__TASK DETAILS__
Output only the lines below from the one holding "Lounge 48 of 57" down to the one holding "Street view near Alter Wirt, Munich", both end lines included and every picture dropped.

__DATA FOR THIS TASK__
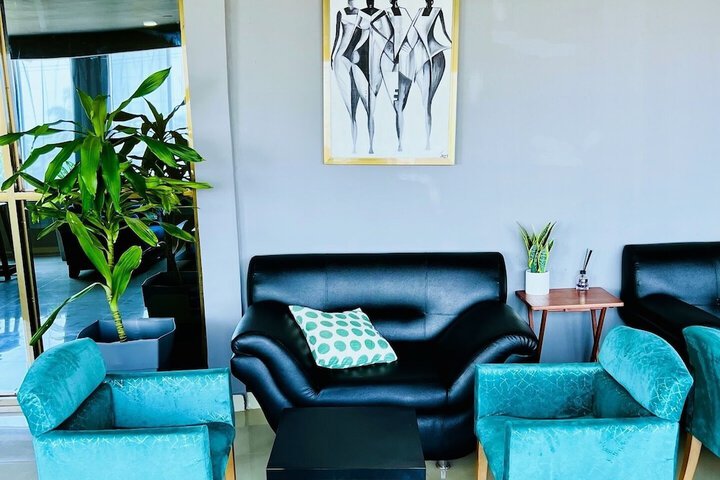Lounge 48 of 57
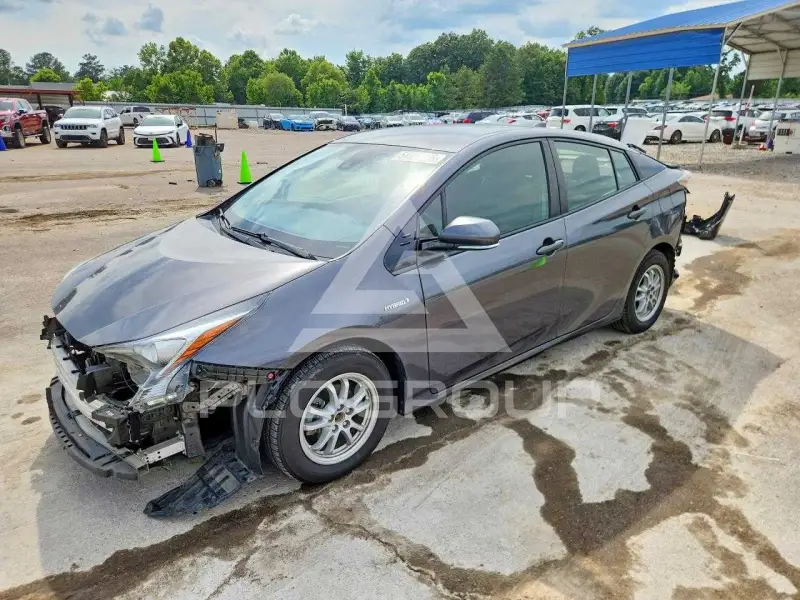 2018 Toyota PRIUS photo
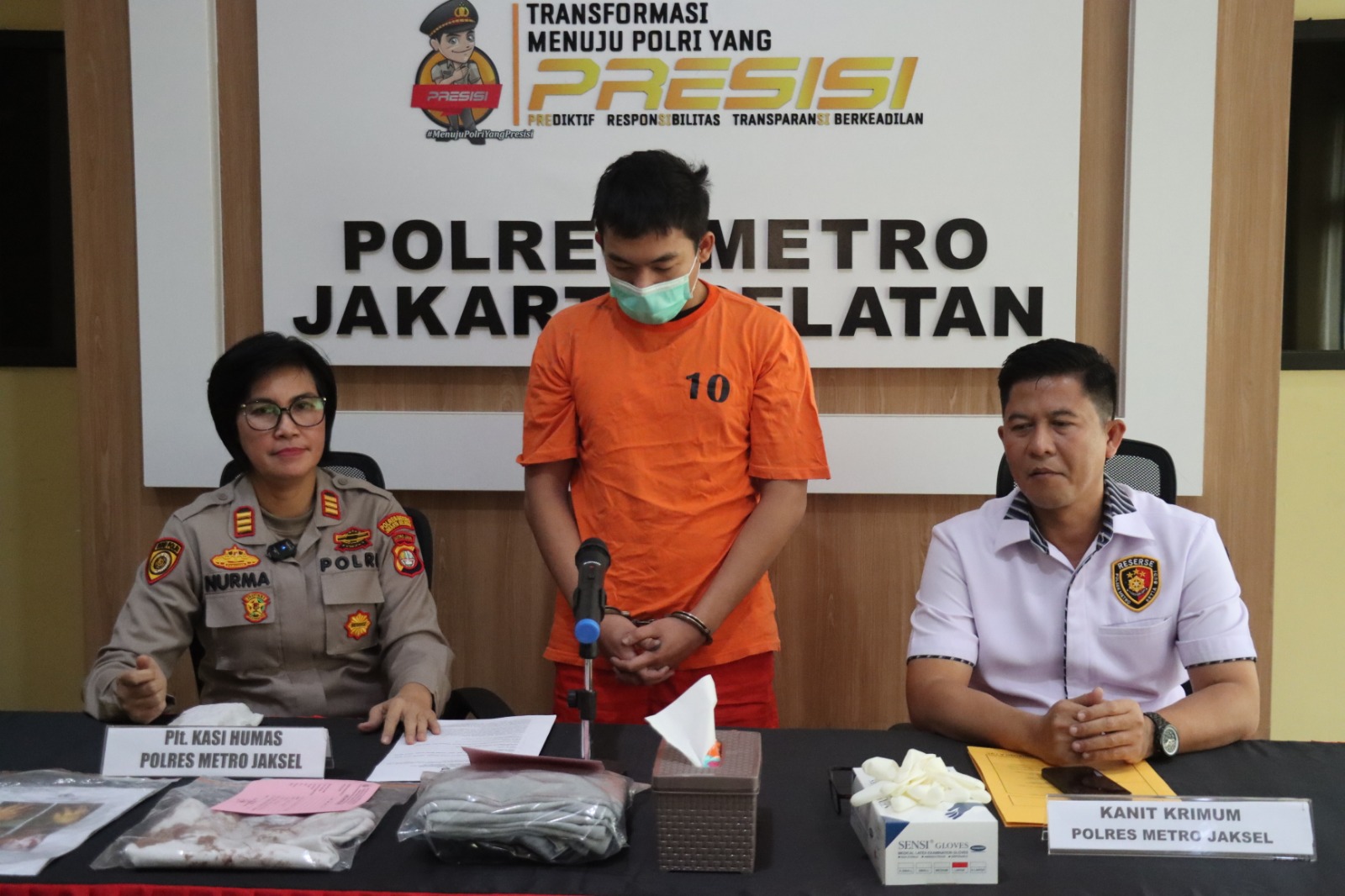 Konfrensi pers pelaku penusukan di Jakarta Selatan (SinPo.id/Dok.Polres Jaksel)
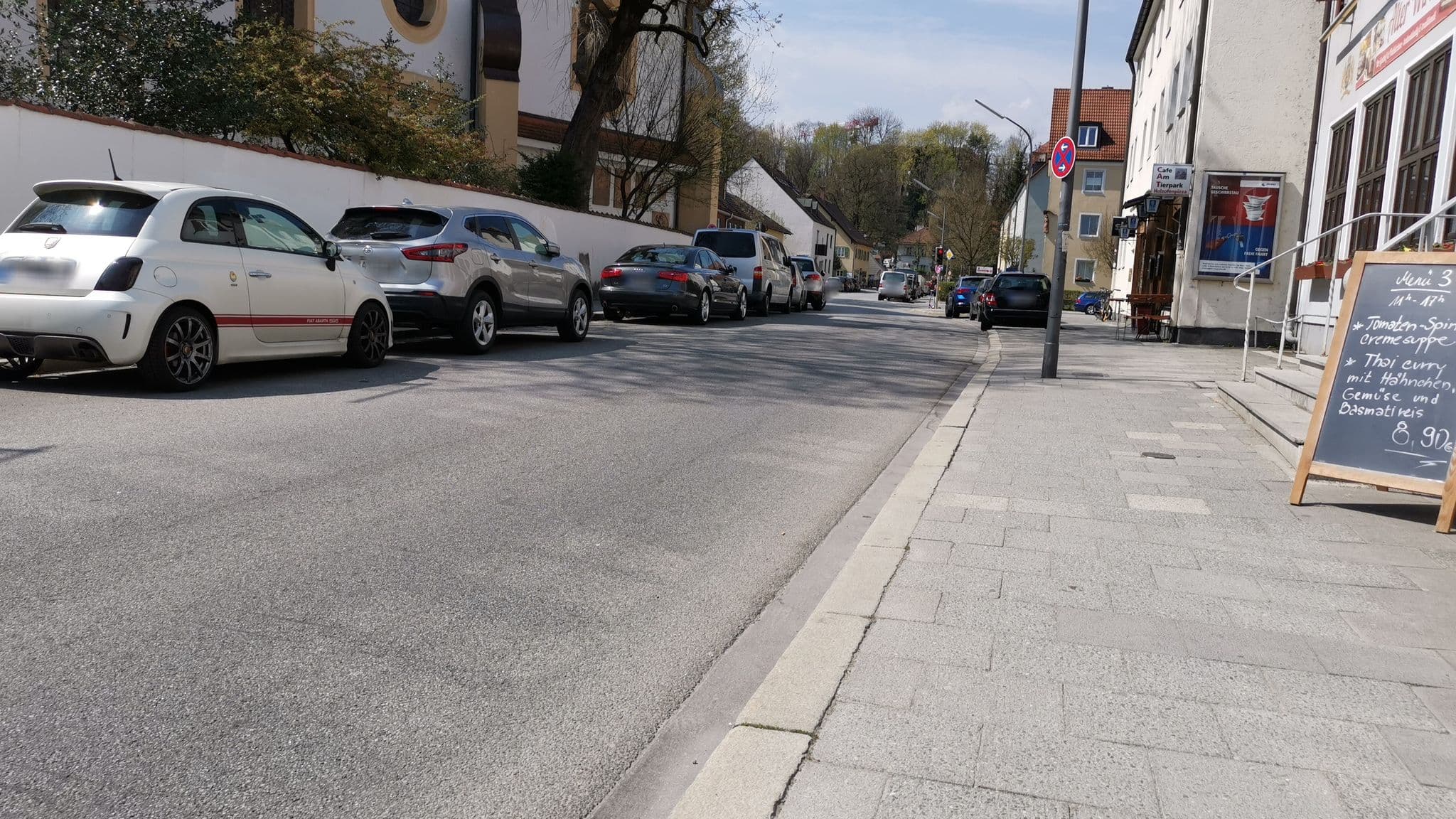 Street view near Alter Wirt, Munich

---

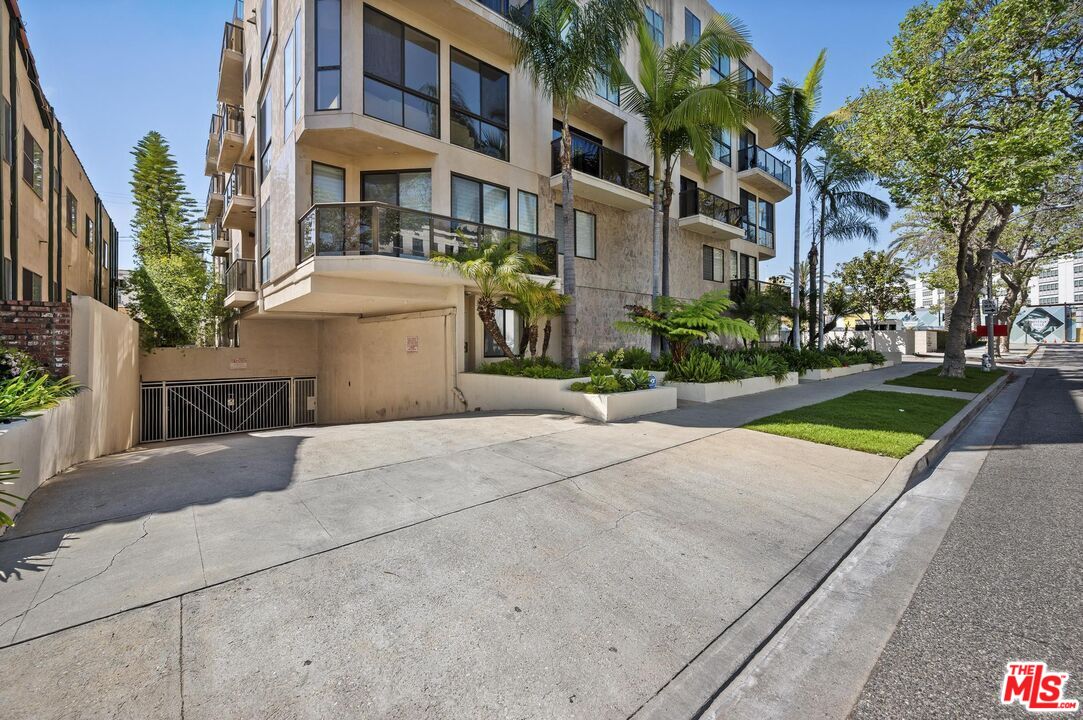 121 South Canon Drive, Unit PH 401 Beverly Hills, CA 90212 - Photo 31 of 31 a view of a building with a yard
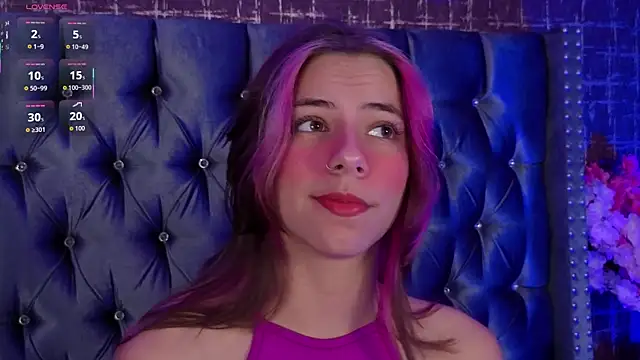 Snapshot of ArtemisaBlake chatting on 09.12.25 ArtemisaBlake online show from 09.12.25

__EXERCISE SOLUTION__
Lounge 48 of 57
 2018 Toyota PRIUS photo
 Konfrensi pers pelaku penusukan di Jakarta Selatan (SinPo.id/Dok.Polres Jaksel)
 Street view near Alter Wirt, Munich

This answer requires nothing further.